Emilio2005, CC BY-SA 4.0 <https://creativecommons.org/licenses/by-sa/4.0>, via Wikimedia Commons

I bambini nella valigia

Quello che gli occupanti tedeschi non sapevano e che, dopo il 1942, nella valigia di Irena, all’uscita dal ghetto, non c’erano medicine e strumenti sanitari, ma, sempre più spesso, neonati ebrei. Sendler, infatti, si era unita allo Żegota, il consiglio clandestino per il sostegno agli ebrei istituito nell’autunno del 1942, quando già 280.000 ebrei erano stati deportati da Varsavia a Treblinka. Approfittando della sua posizione, la giovane infermiera aveva istituito un efficace sistema di aiuto: all’ingresso nel ghetto contrabbandava al suo interno cibo e generi di conforto, all’uscita portava con sé neonati o bambini molto piccoli, che poi provvedeva a nascondere una volta arrivata nella parte “ariana” di Varsavia. Irena Sendler aveva anche addestrato il proprio cane, che portava sempre con sé, ad abbaiare ferocemente all’avvicinarsi di guardie e soldati, così da coprire eventuali vagiti o rumori prodotti dai bambini nascosti nella valigia e al tempo stesso dissuadere i militari dall’avvicinarsi per eseguire controlli eccessivamente scrupolosi. Se i bambini troppo grandi per essere trasportati in questo modo, Irena li aiutava a scappare attraverso la rete fognaria.

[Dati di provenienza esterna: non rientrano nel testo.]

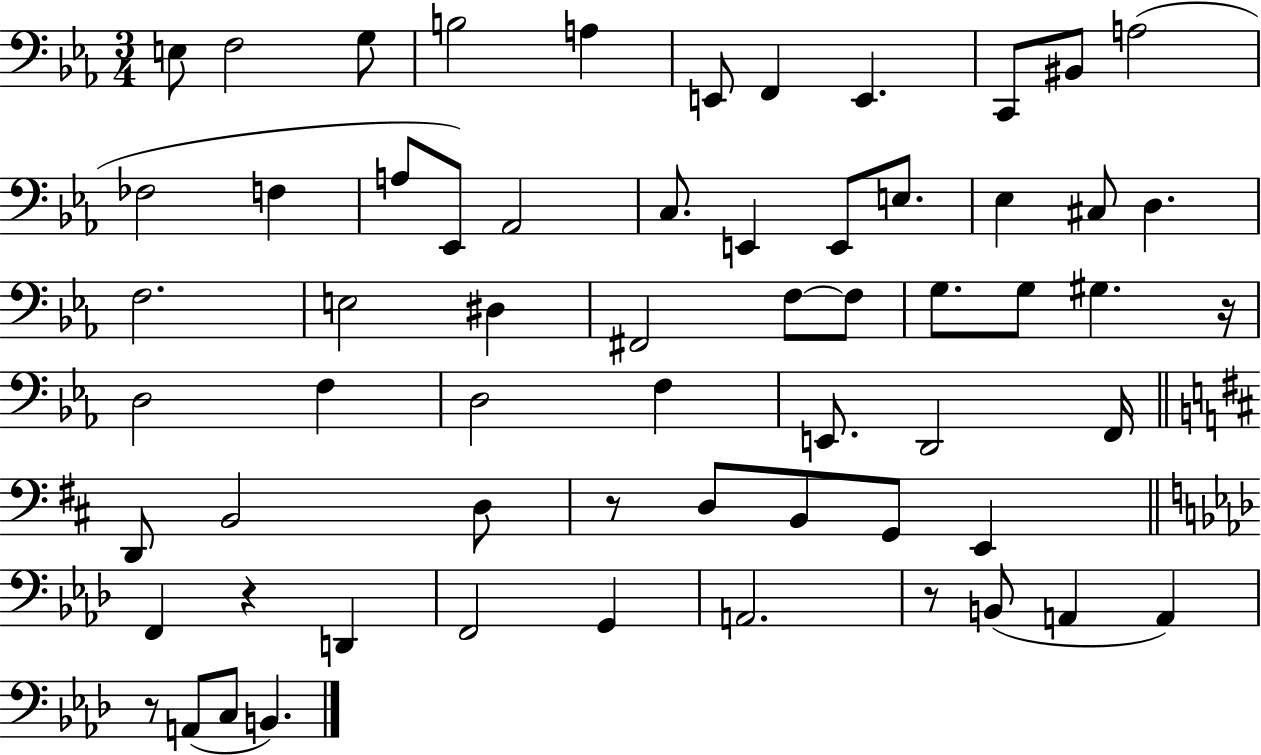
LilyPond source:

{
  \clef bass
  \numericTimeSignature
  \time 3/4
  \key ees \major
  e8 f2 g8 | b2 a4 | e,8 f,4 e,4. | c,8 bis,8 a2( | \break fes2 f4 | a8 ees,8) aes,2 | c8. e,4 e,8 e8. | ees4 cis8 d4. | \break f2. | e2 dis4 | fis,2 f8~~ f8 | g8. g8 gis4. r16 | \break d2 f4 | d2 f4 | e,8. d,2 f,16 | \bar "||" \break \key d \major d,8 b,2 d8 | r8 d8 b,8 g,8 e,4 | \bar "||" \break \key aes \major f,4 r4 d,4 | f,2 g,4 | a,2. | r8 b,8( a,4 a,4) | \break r8 a,8( c8 b,4.) | \bar "|."
}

Molto tempo dopo, Irena Sendler descrisse come strazianti le conversazioni nelle quali convinceva i genitori a separarsi dai propri figli. Questa scelta drammatica era, di fatto, l’unico modo di offrire ai bambini una qualche possibilità di sopravvivenza. Eppure, quando i genitori le chiedevano che garanzie ci fossero che i loro figli si sarebbero salvati, Irena era costretta a rispondere “nessuna”: il rischio dell’intera operazione era sempre altissimo e il consiglio, gli attivisti e tutti i rifugiati da loro nascosti e protetti avrebbero potuto essere scoperti da un momento all’altro. Eppure, anche così, la fuga era l’opzione migliore, dal momento che l’alternativa era la morte certa, dopo la deportazione nel campo di sterminio di Treblinka o, in molti casi, la morte per fame o malattia all’interno del ghetto.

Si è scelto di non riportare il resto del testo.